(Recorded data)
■ ■ ■ ■
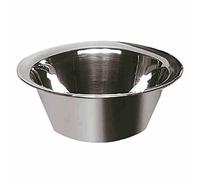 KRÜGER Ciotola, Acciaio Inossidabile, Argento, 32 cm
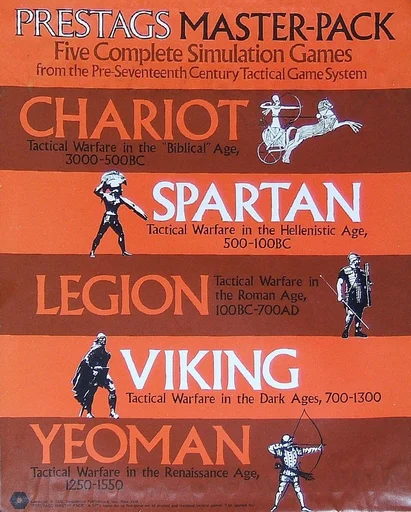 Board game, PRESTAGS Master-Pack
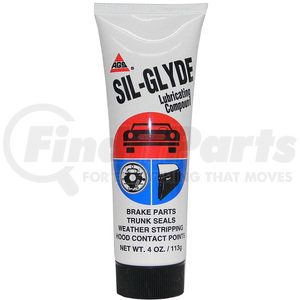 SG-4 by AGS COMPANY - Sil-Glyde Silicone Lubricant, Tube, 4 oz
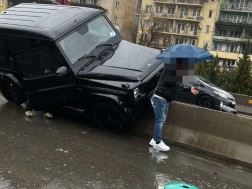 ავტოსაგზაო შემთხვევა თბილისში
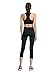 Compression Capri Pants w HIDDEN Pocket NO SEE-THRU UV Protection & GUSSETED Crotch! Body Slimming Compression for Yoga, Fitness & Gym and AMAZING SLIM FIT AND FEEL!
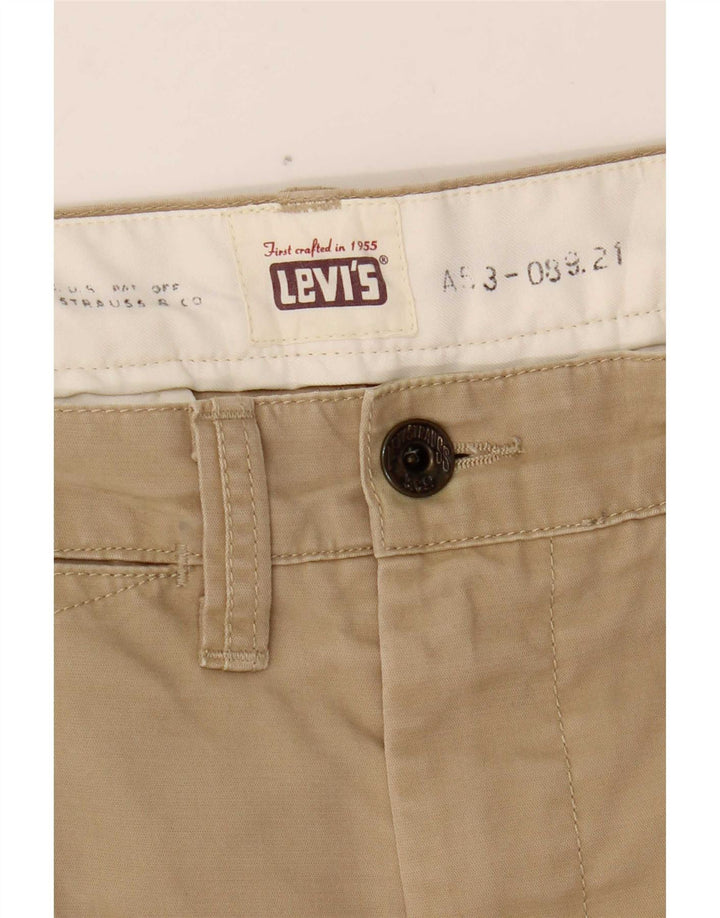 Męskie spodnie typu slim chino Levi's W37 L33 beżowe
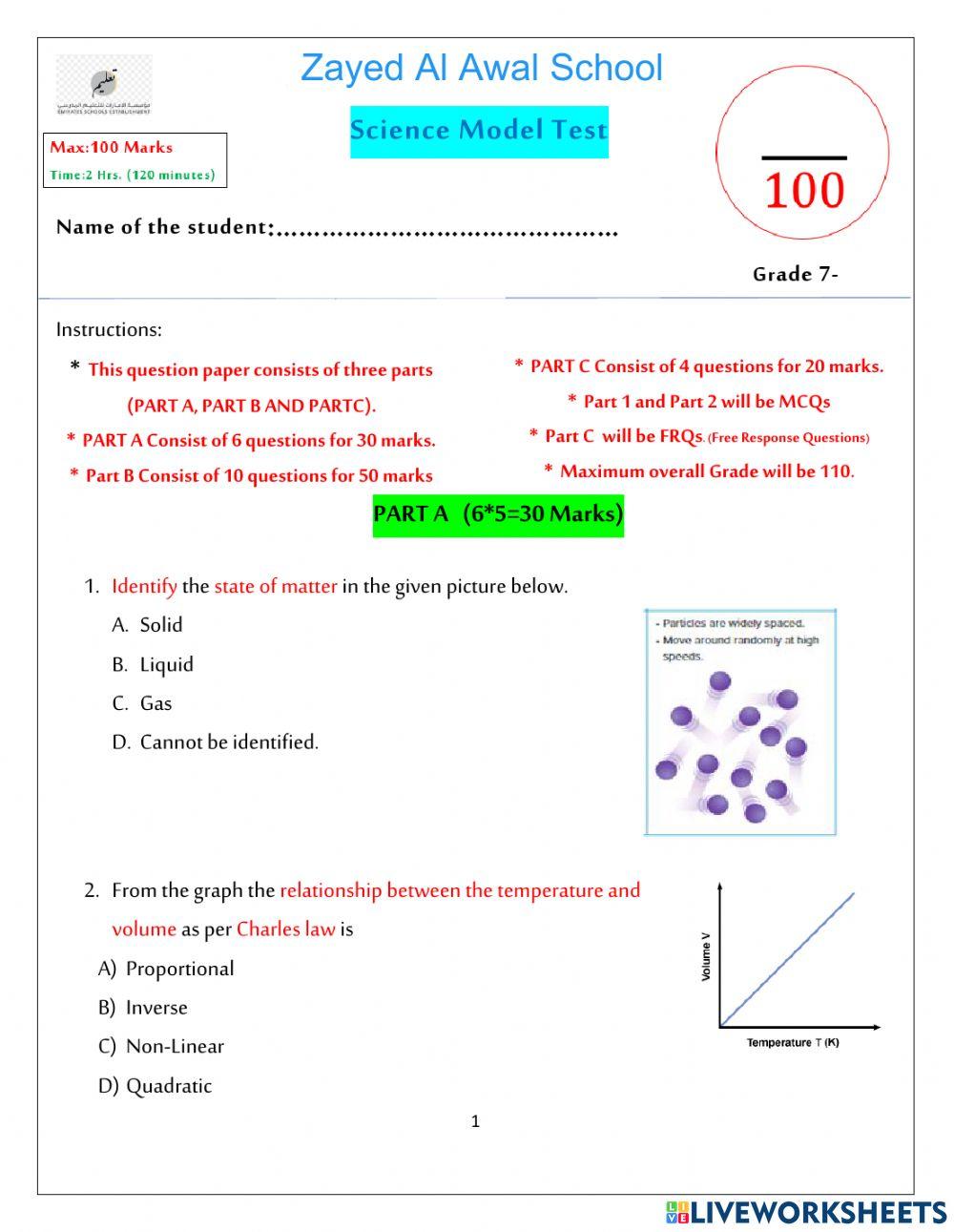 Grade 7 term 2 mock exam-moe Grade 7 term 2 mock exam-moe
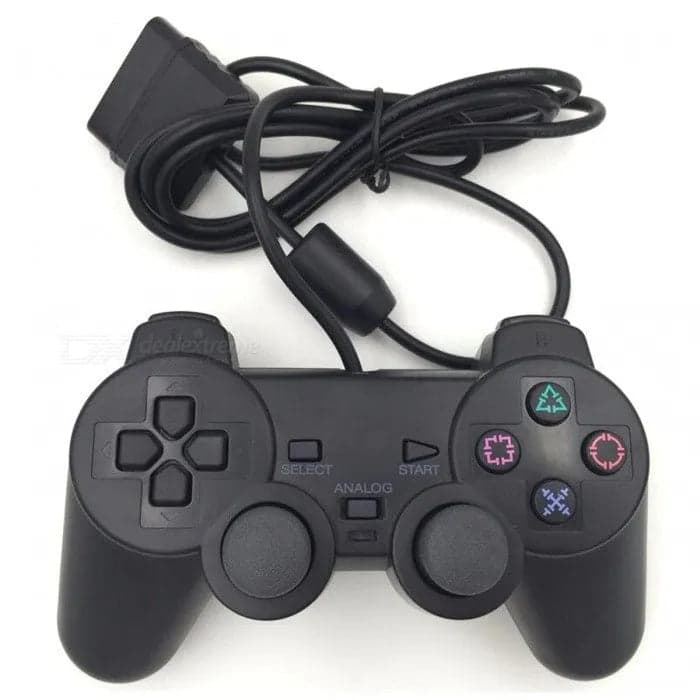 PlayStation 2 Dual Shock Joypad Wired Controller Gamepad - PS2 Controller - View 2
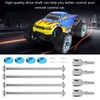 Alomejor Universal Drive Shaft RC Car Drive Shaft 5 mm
■ ■ ■ ■
Without the pictures, print all of the records exactly.

Result for this exercise |
 KRÜGER Ciotola, Acciaio Inossidabile, Argento, 32 cm
 Board game, PRESTAGS Master-Pack
 SG-4 by AGS COMPANY - Sil-Glyde Silicone Lubricant, Tube, 4 oz
 ავტოსაგზაო შემთხვევა თბილისში
 Compression Capri Pants w HIDDEN Pocket NO SEE-THRU UV Protection & GUSSETED Crotch! Body Slimming Compression for Yoga, Fitness & Gym and AMAZING SLIM FIT AND FEEL!
 Męskie spodnie typu slim chino Levi's W37 L33 beżowe
 Grade 7 term 2 mock exam-moe Grade 7 term 2 mock exam-moe
 PlayStation 2 Dual Shock Joypad Wired Controller Gamepad - PS2 Controller - View 2
 Alomejor Universal Drive Shaft RC Car Drive Shaft 5 mm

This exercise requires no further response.